BACKGROUND: THE SUPREME COURT’S BOSTOCK DECISION

In the 2020 case Bostock v. Clayton County, the U.S. Supreme Court held that Title VII’s prohibition on employment discrimination based on “sex” includes a prohibition on discrimination based on sexual orientation, gender identity, or transgender status. The Court consolidated three cases—two involving gay employees and one involving a transgender employee—all of whom were fired.

The Court’s reasoning was straightforward:

An employer who fires an individual for being homosexual or transgender fires that person for traits or actions it would not have questioned in members of a different sex. Sex plays a necessary and undisguisable role in the decision, exactly what Title VII forbids . . . . [I]t is impossible to discriminate against a person for being homosexual or transgender without discriminating against that individual based on sex.”

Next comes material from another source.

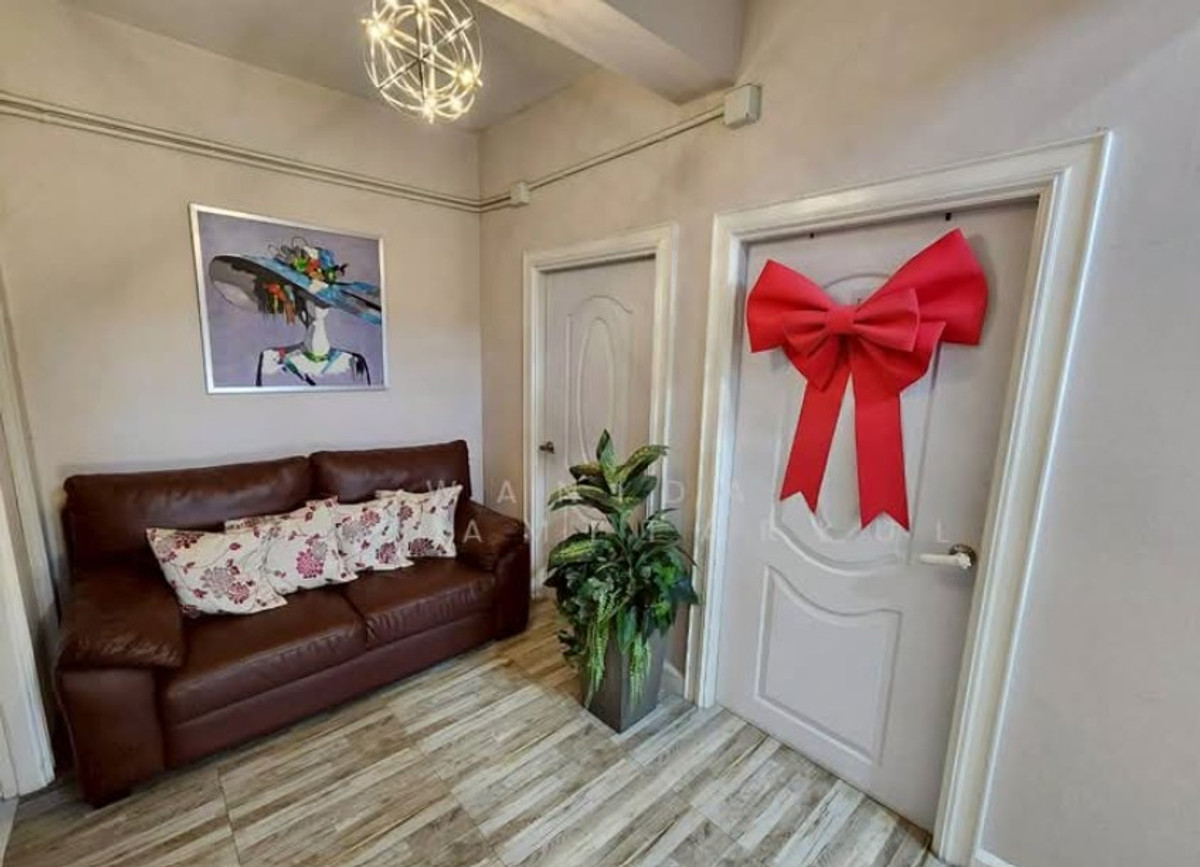 ขายบ้านพระราม 9 เพชรบุรีตัดใหม่ RCA : บ้านเดี่ยว 4 ชั้น พระราม9 ซ.43 พื้นที่ใช้สอยกว่า 704 ตรม. ใกล้ห้างเดอะไนน์ บ้านใจกลางเมือง มีระเบียงทุกห้อง ทิศเหนือ-ใต้ บ้านสวยสภาพดีมาก เหมาะอยู่อาศัย ทำโฮมออฟฟิศ คาเฟ่ เข้าออกได้หลายทาง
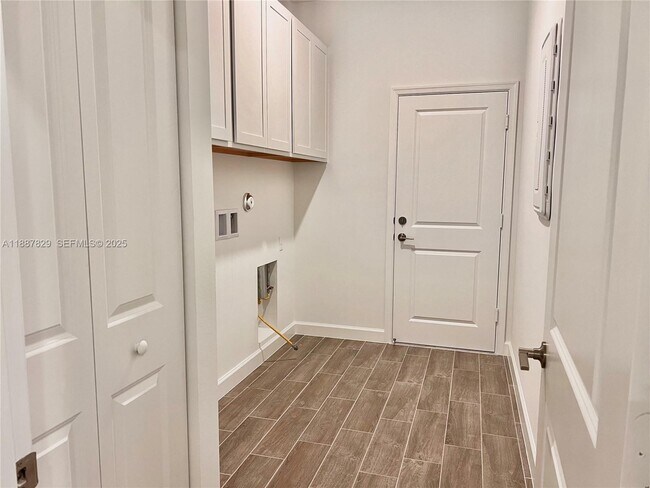 Building Photo - 1391 Tangled Orchard Tr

The Court emphasized that its ruling dealt only with questions of termination from employment: the employees were fired because of their sexual orientation or gender identity. Other questions would have to wait for future cases:

[W]e do not purport to address bathrooms, locker rooms, or anything else of the kind. The only question before us is whether an employer who fires someone simply for being homosexual or transgender has discharged or otherwise discriminated against that individual “because of such individual’s sex.”

EXECUTIVE ORDER 14168: CORE PROVISIONS

Purpose and Rationale

The EO asserts that recognition of the concepts of gender identity and transgender status has led men to self-identify as women to gain access to “intimate single- sex spaces and activities designed for women, from women’s domestic abuse shelters to women’s workplace showers.” As a consequence, the EO says, the concepts of gender identity and transgender status have transformed “laws and policies designed to protect sex-based opportunities into laws and policies that undermine them . . . .”

New Definitions of “Sex,” “Female,” and “Male”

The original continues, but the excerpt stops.